Background: Patients with chronic obstructive pulmonary disease (COPD) have well-documented symptoms that affect quality of life. Professional societies recommend palliative care for such patients, but the optimal way of delivering this care is unknown.
Objective: To describe an outpatient palliative medicine program for patients with COPD.
Design: Retrospective case series.
Setting/subjects: Thirty-six patients with COPD followed in a United States academic outpatient palliative medicine clinic.
Measurements: Descriptive analysis of sociodemographic data, disease severity and comorbidities, treatments, hospitalizations, mortality, topic discussion, and symptom assessment.
Results: Thirty-six patients (representing 5% of the total number of patients with COPD seen in a specialty pulmonary clinic) were seen over 11 months and followed for 2 years. Seventy-seven percent of patients were Global Initiative for Chronic Obstructive Lung Disease (GOLD) stage 3-4 and 72% were on oxygen at home. No patients had documented advanced directives at the initial visit but documentation increased to 61% for those who had follow-up appointments. The most commonly documented topics included symptoms (100%), social issues (94%), psychological issues (78%), and advance care planning (75%). Of symptoms assessed, pain was the least prevalent (51.6%), and breathlessness and fatigue were the most prevalent (100%).

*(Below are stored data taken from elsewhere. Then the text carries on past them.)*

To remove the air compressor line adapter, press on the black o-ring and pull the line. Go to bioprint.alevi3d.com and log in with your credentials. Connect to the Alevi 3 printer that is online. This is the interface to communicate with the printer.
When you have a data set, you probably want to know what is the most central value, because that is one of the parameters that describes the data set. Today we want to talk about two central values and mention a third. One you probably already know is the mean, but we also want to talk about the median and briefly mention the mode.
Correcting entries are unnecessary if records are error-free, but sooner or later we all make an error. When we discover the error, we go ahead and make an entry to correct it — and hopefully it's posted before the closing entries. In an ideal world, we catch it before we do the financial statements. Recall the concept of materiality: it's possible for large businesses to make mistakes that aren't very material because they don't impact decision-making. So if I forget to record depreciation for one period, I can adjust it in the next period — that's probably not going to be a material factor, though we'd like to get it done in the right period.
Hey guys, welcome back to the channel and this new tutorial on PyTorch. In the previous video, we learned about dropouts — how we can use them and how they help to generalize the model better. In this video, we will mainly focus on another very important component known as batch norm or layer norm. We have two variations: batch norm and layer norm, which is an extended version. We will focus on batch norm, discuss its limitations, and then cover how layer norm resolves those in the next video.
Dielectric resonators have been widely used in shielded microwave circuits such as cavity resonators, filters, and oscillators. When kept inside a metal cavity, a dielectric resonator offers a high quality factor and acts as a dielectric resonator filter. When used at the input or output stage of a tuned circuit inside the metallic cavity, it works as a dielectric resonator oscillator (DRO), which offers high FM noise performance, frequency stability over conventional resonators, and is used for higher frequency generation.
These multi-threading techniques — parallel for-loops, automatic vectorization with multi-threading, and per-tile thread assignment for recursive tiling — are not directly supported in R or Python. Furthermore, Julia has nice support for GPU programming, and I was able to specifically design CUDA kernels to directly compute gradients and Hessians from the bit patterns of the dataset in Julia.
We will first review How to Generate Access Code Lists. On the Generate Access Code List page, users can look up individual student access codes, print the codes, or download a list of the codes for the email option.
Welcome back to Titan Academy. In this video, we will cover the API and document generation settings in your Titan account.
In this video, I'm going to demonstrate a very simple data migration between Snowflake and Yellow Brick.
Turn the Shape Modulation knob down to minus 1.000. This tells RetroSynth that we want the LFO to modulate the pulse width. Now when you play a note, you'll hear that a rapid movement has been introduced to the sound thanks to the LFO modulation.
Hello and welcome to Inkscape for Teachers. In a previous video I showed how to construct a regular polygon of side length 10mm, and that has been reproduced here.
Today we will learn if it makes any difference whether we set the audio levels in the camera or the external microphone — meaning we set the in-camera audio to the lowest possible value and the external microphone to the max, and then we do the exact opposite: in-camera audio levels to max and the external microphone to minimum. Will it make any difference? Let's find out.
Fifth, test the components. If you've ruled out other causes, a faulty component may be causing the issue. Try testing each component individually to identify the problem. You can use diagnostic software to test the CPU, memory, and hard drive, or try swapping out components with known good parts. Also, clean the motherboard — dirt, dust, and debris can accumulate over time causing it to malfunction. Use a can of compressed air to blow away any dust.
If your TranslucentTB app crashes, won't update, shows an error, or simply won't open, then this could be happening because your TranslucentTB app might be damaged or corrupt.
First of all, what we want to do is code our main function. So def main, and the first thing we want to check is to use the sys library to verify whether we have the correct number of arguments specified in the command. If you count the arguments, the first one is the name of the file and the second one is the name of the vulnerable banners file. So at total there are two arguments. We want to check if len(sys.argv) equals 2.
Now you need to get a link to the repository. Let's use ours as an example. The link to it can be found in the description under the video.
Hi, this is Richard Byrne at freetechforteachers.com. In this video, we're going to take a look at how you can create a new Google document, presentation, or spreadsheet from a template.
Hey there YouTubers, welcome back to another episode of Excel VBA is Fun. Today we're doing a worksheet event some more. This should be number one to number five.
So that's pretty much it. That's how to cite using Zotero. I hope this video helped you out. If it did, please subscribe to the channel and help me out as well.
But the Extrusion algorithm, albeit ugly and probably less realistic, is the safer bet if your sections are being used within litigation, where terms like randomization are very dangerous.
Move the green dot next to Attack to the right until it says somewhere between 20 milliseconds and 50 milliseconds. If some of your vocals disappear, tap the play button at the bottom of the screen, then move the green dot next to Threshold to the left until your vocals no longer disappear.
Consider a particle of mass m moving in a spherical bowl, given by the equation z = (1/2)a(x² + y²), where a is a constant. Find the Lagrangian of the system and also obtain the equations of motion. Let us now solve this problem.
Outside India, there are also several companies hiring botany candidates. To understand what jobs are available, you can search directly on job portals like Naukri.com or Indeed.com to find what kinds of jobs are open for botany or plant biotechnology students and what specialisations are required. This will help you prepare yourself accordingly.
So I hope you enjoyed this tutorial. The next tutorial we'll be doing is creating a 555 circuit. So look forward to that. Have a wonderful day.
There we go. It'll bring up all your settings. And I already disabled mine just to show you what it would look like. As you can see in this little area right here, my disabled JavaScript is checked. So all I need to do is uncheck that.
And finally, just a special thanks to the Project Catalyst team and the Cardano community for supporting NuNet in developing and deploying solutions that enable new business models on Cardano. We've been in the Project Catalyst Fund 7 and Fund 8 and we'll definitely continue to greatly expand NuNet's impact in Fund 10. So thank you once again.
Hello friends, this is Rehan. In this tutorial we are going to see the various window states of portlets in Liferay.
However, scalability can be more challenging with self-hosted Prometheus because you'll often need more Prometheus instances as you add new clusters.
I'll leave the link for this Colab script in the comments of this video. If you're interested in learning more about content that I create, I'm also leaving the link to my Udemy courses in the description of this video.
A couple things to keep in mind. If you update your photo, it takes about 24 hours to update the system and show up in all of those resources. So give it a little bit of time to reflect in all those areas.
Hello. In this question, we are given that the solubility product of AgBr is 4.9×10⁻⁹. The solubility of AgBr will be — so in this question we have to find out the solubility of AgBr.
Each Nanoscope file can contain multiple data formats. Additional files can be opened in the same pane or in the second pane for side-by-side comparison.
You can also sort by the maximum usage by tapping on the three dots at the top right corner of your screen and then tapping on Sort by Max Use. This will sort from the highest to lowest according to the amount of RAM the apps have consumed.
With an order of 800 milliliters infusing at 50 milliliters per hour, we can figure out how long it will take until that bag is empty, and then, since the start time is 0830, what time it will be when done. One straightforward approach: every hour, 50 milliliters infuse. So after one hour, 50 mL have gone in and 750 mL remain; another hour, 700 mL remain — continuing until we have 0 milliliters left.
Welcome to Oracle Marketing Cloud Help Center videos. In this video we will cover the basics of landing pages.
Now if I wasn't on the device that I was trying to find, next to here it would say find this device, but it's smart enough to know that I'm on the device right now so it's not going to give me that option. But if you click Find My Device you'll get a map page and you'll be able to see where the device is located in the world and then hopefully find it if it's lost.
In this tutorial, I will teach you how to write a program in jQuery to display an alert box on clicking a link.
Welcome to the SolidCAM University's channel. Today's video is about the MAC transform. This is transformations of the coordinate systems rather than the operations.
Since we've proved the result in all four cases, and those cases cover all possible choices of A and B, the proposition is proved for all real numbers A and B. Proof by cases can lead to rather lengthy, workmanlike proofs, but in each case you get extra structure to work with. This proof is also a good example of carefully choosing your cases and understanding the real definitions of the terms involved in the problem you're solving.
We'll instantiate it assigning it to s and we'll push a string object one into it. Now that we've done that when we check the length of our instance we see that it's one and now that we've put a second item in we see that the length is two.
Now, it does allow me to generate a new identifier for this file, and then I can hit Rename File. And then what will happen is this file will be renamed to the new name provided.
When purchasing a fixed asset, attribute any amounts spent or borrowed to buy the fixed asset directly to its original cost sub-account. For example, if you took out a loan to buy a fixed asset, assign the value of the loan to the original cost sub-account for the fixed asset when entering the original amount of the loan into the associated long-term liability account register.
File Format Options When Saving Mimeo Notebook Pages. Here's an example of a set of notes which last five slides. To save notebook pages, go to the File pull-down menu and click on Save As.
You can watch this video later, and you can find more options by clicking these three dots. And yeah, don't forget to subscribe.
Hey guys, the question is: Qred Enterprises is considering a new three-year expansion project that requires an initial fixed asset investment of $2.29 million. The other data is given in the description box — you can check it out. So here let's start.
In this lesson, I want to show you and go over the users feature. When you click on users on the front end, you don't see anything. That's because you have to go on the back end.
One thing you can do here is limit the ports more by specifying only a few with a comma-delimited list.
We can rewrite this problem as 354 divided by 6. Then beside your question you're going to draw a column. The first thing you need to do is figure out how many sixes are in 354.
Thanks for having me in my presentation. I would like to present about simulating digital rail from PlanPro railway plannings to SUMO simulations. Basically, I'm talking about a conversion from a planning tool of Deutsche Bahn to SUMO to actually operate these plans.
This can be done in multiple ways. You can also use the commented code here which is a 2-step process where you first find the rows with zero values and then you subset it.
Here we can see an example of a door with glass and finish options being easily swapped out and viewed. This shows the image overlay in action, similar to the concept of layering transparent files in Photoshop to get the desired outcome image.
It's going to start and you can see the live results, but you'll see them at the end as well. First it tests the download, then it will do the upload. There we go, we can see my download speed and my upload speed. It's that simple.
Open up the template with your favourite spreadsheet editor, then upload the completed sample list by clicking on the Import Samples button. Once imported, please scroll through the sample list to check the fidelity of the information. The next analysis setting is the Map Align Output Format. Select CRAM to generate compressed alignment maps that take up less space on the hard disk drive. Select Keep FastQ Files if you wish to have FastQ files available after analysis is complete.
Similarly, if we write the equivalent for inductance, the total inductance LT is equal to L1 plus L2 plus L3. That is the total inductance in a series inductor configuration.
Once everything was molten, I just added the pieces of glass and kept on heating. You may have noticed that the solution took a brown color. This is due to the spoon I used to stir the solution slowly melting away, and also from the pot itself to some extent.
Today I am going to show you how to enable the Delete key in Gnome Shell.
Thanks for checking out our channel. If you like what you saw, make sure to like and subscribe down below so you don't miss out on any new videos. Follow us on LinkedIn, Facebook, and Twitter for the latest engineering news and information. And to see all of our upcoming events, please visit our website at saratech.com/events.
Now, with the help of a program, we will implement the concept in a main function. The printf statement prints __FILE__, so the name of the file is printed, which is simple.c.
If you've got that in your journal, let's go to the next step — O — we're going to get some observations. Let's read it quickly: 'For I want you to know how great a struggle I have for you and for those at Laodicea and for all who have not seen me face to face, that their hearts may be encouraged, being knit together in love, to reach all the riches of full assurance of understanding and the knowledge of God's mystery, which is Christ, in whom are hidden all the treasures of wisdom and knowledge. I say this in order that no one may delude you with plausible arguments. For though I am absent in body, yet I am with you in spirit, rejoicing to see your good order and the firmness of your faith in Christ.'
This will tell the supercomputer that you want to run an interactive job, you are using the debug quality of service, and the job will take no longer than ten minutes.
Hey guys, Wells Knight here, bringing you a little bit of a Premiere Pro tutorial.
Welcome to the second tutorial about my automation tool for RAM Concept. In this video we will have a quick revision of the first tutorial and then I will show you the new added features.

Symptoms were often undertreated prior to the palliative care appointment. During the 3-year study period, there were 120 hospital admissions (median, 2) and 12 deaths (33%).
Conclusions: The patients with COPD seen in the outpatient palliative medicine clinic had many comorbid conditions, severe illness, and significant symptom burden. Many physical and psychological symptoms were untreated prior to the palliative medicine appointment. Whether addressing these symptoms through a palliative medicine intervention affects outcomes in COPD is unknown but represents an important topic for future research.